おそらく日本人である青年の英語にそうエールを送る。
通路側の席にいた青年は、その国訛りだが明らかにそちらの方が英語ネイティブには聞き取りやすいだろうな、という発音でジャパニーズイングリッシュに言い返している。断っている様だ。確かに、席の交換は断られる事も多い、と千秋は話していた。残念だが、青年がそういう以上、ジャパニーズイングリッシュには、諦めてもらわないと。

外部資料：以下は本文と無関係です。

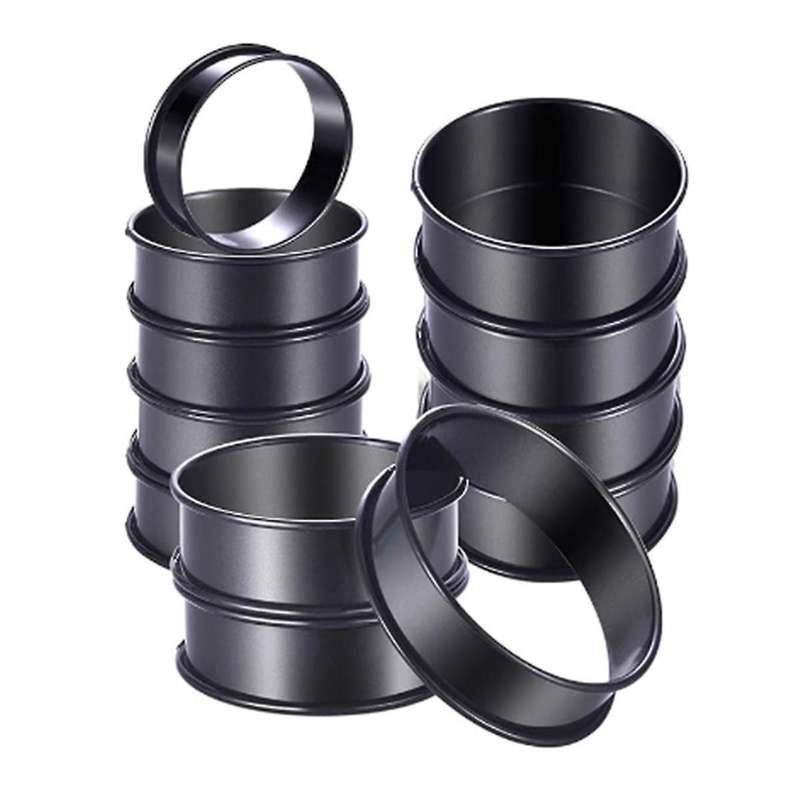 12pack Crumpet Rings Nonstick English Muffin Rings 3.15 Inch - Stainless Steel Double Rolled Tart Ri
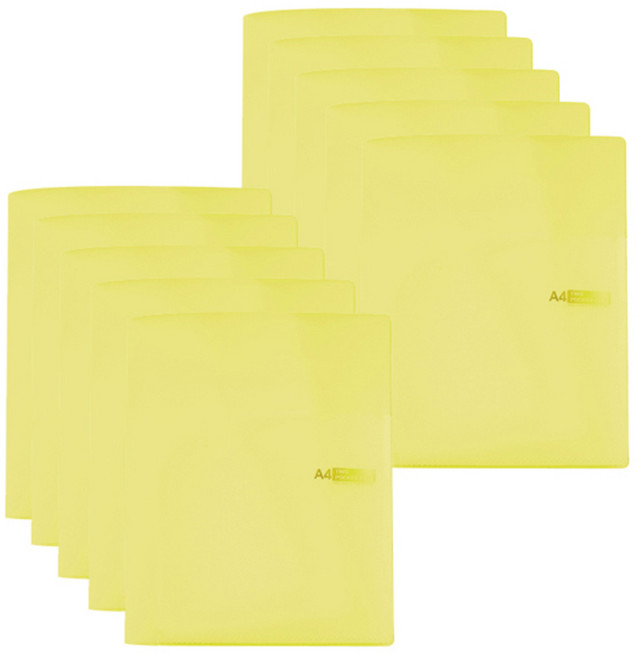 희망화일 반투명 투포켓화일 0.4T, 노랑, 10개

しかし、程なくゴソゴソと何かが動く音がする。青年の嬉しそうな「Thank you」の声がした。それに、伊吹は分からない。なぜ、青年が「ありがとう」と、いうのか。金でも渡した、とかだろうか。
そして、また物音がする。気配が、近づいてくる。
伊吹が不可解さにその目を開けるとの、強い力が伊吹の左手を掴んだのは、ほぼ同時だった。
「伊吹」
その声に、伊吹の眠気が吹っ飛んだ。
目を見開いた。
見下ろしている左手には、白い男の手が伊吹の左手を強く、強く掴んでいる。手が、痛い。
「驚いたよ、伊吹」
ゆっくりと、伊吹は首を動かした。
「せいぜい日本国内かなって思ったら、空港にいるから。千秋もびっくりしてた」
熱のある色素の薄い、けれども深淵の如き深い瞳。欲を孕んだ声。
「なんとか間に合ってよかった。流石に、海外にまで逃げられちゃ溜まったもんじゃない。はは、あれだけ焦った千秋を見たの、初めてだ」
見せてやりたかった、なんて嘯く口。
美しいともいえるその笑み。けれども、瞳は深く、深く伊吹を呑み込もうとしている。手を握る力は、強くなる一方だった。
機内アナウンスが聞こえる。電子機器の電源を切る様に警告される。ああ、と、忘れていた、と言った調子で、もう片方の手を伸ばされた。行き先は、伊吹の胸元で揺れる、ペンダントだった。
「ちゃんと切っておかないとな、GPS」
どう操作したのか、ペンダントから不似合いな電子音がする。GPS、という単語が、まるで頭が馬鹿になった様に、理解、できなかった。
「伊吹」
柔らかく、名前を呼ばれた。
「もう、絶対に逃さないと、言っただろう?」
そうして、伊吹の隣に座った刹那は、伊吹の左手を強く掴んだまま、笑っていた。